Generally sync() is recommended only when accessing ZooKeeper service from multiple clients. If only one ZooKeeper client is performing the update operation it is not required to call syncup after the connection re-establishment. For example, zkclient connected to ZK1 and successfully created a znode. Now, assume zkclient got disconnected and successfully reconnected to ZK2 the client zkclient will see the same znode in this server also. I agree with Tsuyoshi Ozawa's comments about sync()
FYI: sync() call is a costly operation, internally this will force the connected server to sync up the data from the Leader ZK server. Probably in your logic after creating the new ZooKeeper connection it can do a sync() call before performing any operation.
It looks exhaust, but it's not: reconnection to other ZooKeeper servers are done at ClientCnxn#startConnect in a main thread of ZooKeeper's client.
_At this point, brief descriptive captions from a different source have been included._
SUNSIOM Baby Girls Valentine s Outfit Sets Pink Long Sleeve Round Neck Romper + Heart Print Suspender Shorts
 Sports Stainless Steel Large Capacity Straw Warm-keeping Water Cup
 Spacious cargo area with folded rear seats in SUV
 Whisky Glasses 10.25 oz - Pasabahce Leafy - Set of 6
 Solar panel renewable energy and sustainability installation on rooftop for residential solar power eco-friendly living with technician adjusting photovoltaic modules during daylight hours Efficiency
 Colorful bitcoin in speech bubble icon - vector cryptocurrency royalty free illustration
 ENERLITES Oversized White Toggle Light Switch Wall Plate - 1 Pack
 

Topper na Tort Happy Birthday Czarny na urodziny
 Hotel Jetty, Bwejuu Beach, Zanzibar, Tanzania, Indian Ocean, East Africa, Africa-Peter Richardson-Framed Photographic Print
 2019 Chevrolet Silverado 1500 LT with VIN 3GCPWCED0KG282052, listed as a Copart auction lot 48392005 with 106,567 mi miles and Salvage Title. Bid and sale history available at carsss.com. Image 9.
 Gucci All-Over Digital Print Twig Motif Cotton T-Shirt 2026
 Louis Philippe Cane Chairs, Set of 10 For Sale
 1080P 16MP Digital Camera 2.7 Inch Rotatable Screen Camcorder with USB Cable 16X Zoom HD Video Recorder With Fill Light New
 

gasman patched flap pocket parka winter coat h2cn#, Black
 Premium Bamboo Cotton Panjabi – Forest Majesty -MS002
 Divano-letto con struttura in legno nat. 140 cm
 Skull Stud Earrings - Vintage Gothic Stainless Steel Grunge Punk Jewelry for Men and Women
Please note that a session is not equal to a connection in ZooKeeper. What we can do it to retry with current zookeeper client. I also noticed that we shouldn't create new session when SESSIONMOVED occurs.
IMHO it is fine not to recreate a connection on SESSIONMOVED. If someone uses saved sessionid and uses the constructor new ZooKeeper(connectString, sessionTimeout, watcher, sessionId, sessionPasswd), it may give unexpected result. I hope you are not using this one in YARN.
Coming to the patch: By definition, CONNECTIONLOSS also means that we should recreate the connection?
Not required to create a new zkclient connection on errors except SESSIONEXPIRED. Because zkclient internally does connection retries to all the servers that are passed in the ZooKeeper constructor. I have one suggestion, after creating new ZooKeeper connection it can do a sync() call before performing any operation. This way will ensure consistency of data I feel.